Functional depth generalizes the concept of median and quantiles to function spaces, enabling robust descriptive statistics, boxplots for functional data, and outlier detection.

Registration / Warping

DfCurve Registration

Registration (or alignment) removes phase variation by mapping each observed curve $x_i(t)$ to a standardized time domain via a warping function $h_i$ :

x_i^*(t) = x_i(h_i(t))

where $h_i: \mathcal{T} \to \mathcal{T}$ is a strictly increasing diffeomorphism.

The registration problem decomposes the observed variation into amplitude variation (vertical differences after alignment) and phase variation (horizontal shifts in features):

Registration Methods

Landmark registration: Aligns pre-specified features (peaks, valleys) using monotone interpolation.
Continuous registration (PROCRUSTES): Minimizes $\int [x_i(t) - \bar{x}(h_i(t))]^2 dt$ jointly over $h_i$ and the target.
Elastic registration: Uses the square-root velocity function (SRVF) framework, where $q_i(t) = \dot{x}_i(t)/\sqrt{|x_i(t)|}$ , and alignment is performed in the Hilbert space of SRVFs via geodesic matching.

Python Implementation

import numpy as np
import pandas as pd
from scipy.interpolate import BSpline
from scipy.optimize import minimize_scalar
import matplotlib.pyplot as plt

np.random.seed(42)

# --- Generate functional data ---
t = np.linspace(0, 1, 200)
n = 30

# True signal + phase variation
def true_signal(t):
    return np.sin(2 * np.pi * t) + 0.5 * np.cos(4 * np.pi * t)

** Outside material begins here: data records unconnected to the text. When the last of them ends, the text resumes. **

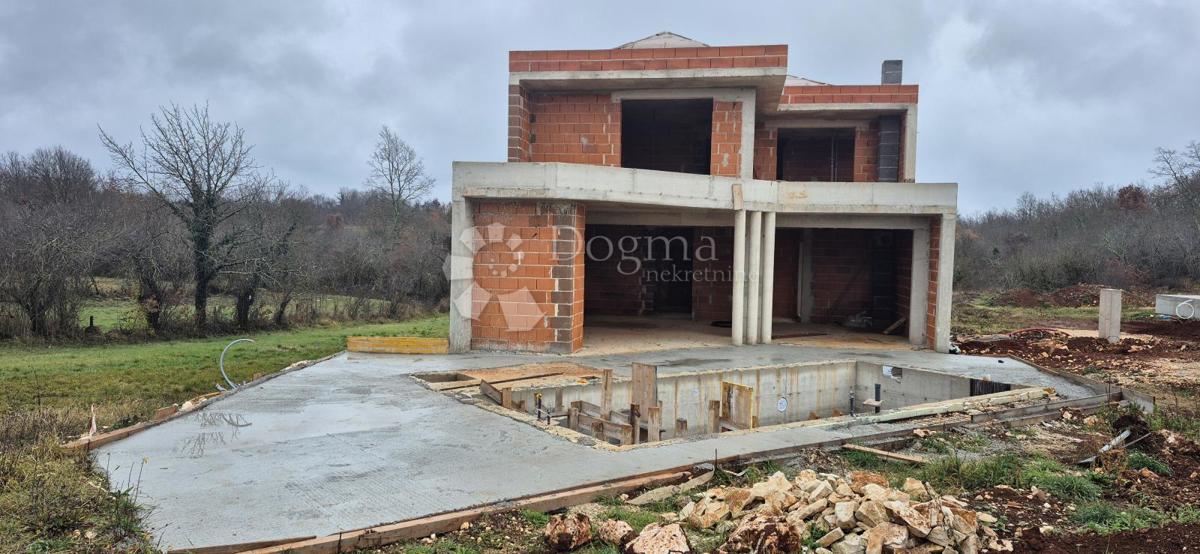 Hiša z bazenom v fazi roch bau v bližini Barbana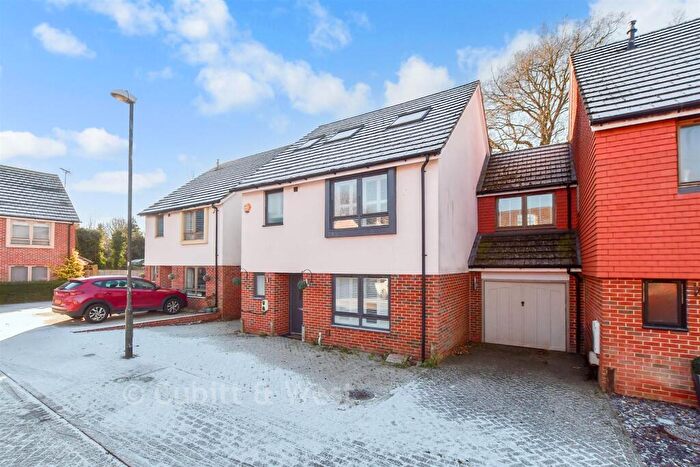 5 Bedroom Detached House For Sale In Pinova Close, Crawley, West Sussex, RH11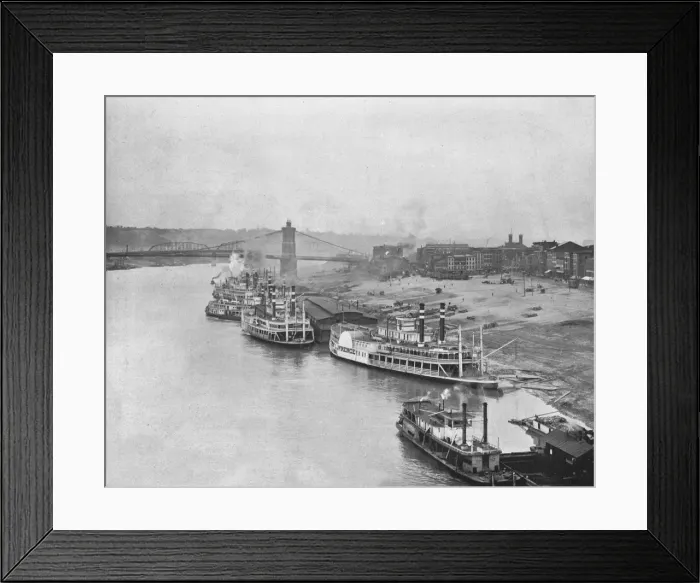 Framed Print : River Front, Cincinnati, Ohio, USA, c1900. Creator: Unknown Framed Print : River Front, Cincinnati, Ohio, USA, c1900. Creator: Unknown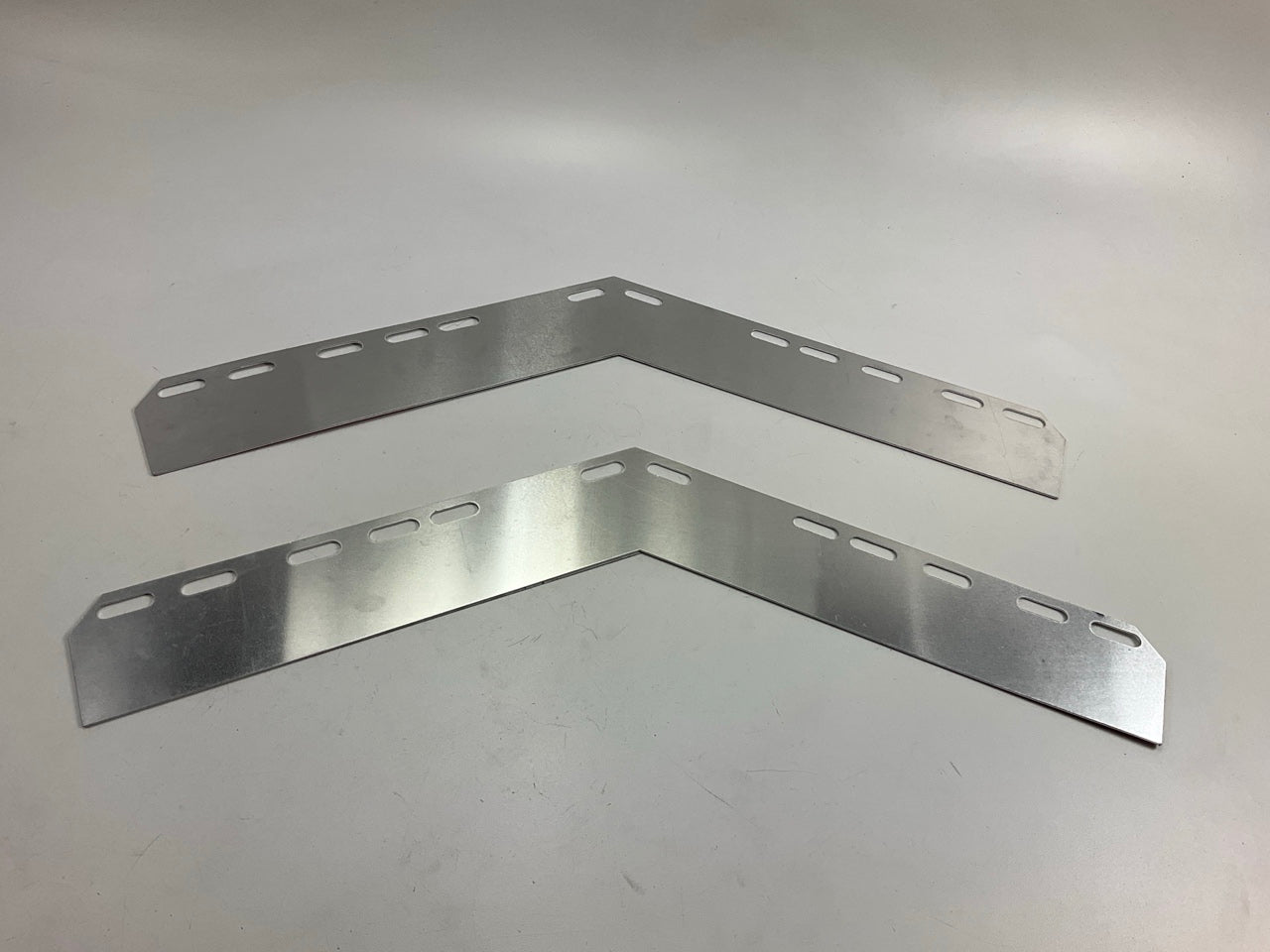 Globetech GT-27RT35 Angled Aluminum Conspicuity Strips Red White Reflective DOT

# Generate curves with random warping and amplitude perturbation
x = np.zeros((n, len(t)))
for i in range(n):
    phase_shift = np.random.normal(0, 0.05)
    amp = 1 + np.random.normal(0, 0.1)
    freq = 1 + np.random.normal(0, 0.05)
    x[i, :] = amp * np.sin(2 * np.pi * freq * (t + phase_shift)) + \
              0.5 * np.cos(4 * np.pi * freq * (t + phase_shift)) + \
              np.random.normal(0, 0.05, len(t))

# --- B-spline basis expansion ---
n_basis = 25
knots = np.linspace(0, 1, n_basis - 4 + 2)
knots = np.concatenate([[0, 0, 0], knots[1:-1], [1, 1, 1]])

from scipy.interpolate import BSpline
B = np.zeros((len(t), n_basis))
for k in range(n_basis):
    coeffs = np.zeros(n_basis)
    coeffs[k] = 1.0
    spl = BSpline(knots, coeffs, 3)
    B[:, k] = spl(t)

# Smooth each curve
lambdas = np.logspace(-4, 0, 20)
x_smooth = np.zeros_like(x)
for i in range(n):
    best_gcv = np.inf
    best_lam = lambdas[0]
    for lam in lambdas:
        R = np.zeros((n_basis, n_basis))
        for k in range(n_basis - 2):
            R[k:k+3, k:k+3] += lam * np.array([[1, -2, 1], [-2, 4, -2], [1, -2, 1]])
        c = np.linalg.solve(B.T @ B + R, B.T @ x[i, :])
        residual = x[i, :] - B @ c
        gcv = np.mean(residual**2) / (1 - n_basis / len(t))**2
        if gcv < best_gcv:
            best_gcv = gcv
            best_lam = lam
    R = np.zeros((n_basis, n_basis))
    for k in range(n_basis - 2):
        R[k:k+3, k:k+3] += best_lam * np.array([[1, -2, 1], [-2, 4, -2], [1, -2, 1]])
    c = np.linalg.solve(B.T @ B + R, B.T @ x[i, :])
    x_smooth[i, :] = B @ c

print(f"Smoothed {n} curves with {n_basis} B-splines")

# --- Functional PCA ---
mean_func = x_smooth.mean(axis=0)
centered = x_smooth - mean_func

# Covariance matrix in basis coordinates
c_basis = np.linalg.lstsq(B, centered.T, rcond=None)[0].T
cov_matrix = np.cov(c_basis.T)
eigenvalues, eigenvectors = np.linalg.eigh(cov_matrix)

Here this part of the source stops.